My apologies, Kevin I pictured this warrior woman defending her puppy from Cujo.
Nice to meet you.
Yeah, intimately familiar with the culture of having a vicious guard dog. The flip side is, people will drop poisoned meat over the fence to get rid of the bugger. This happened to a family member of mine. They poisoned the dog, got into her country home, and stole all they could.

By the way, where are you originally from?


----------



## Lauri & The Gang (Jun 28, 2001)

Maika said:


> Hi, sorry I don't understand this one?? I am not really used to forums. Am I using the "Quote" to much? I just like to reply to each person individually to be polite. Please let me know if I am doing something wrong.
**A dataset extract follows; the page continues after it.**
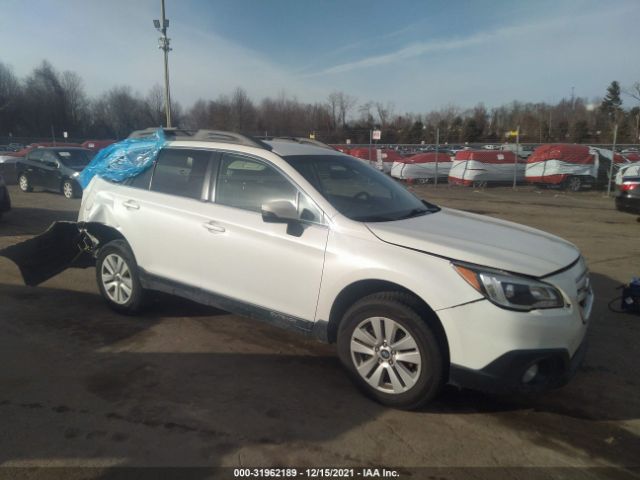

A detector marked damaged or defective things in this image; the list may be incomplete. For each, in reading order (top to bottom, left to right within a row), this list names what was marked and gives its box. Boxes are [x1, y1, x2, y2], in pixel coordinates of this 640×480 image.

You are NOT doing anything wrong. Jean was mainly talking to a few OTHER members that were starting a conversation that had nothing to do with your original post.

She was telling THEM that they should take their conversation to a different thread.


----------



## Maika (May 11, 2012)

Sunflowers said:


> My apologies, Kevin I pictured this warrior woman defending her puppy from Cujo.
> Nice to meet you.
> Yeah, intimately familiar with the culture of having a vicious guard dog. The flip side is, people will drop poisoned meat over the fence to get rid of the bugger. This happened to a family member of mine. They poisoned the dog, got into her country home, and stole all they could.
> 
> By the way, where are you originally from?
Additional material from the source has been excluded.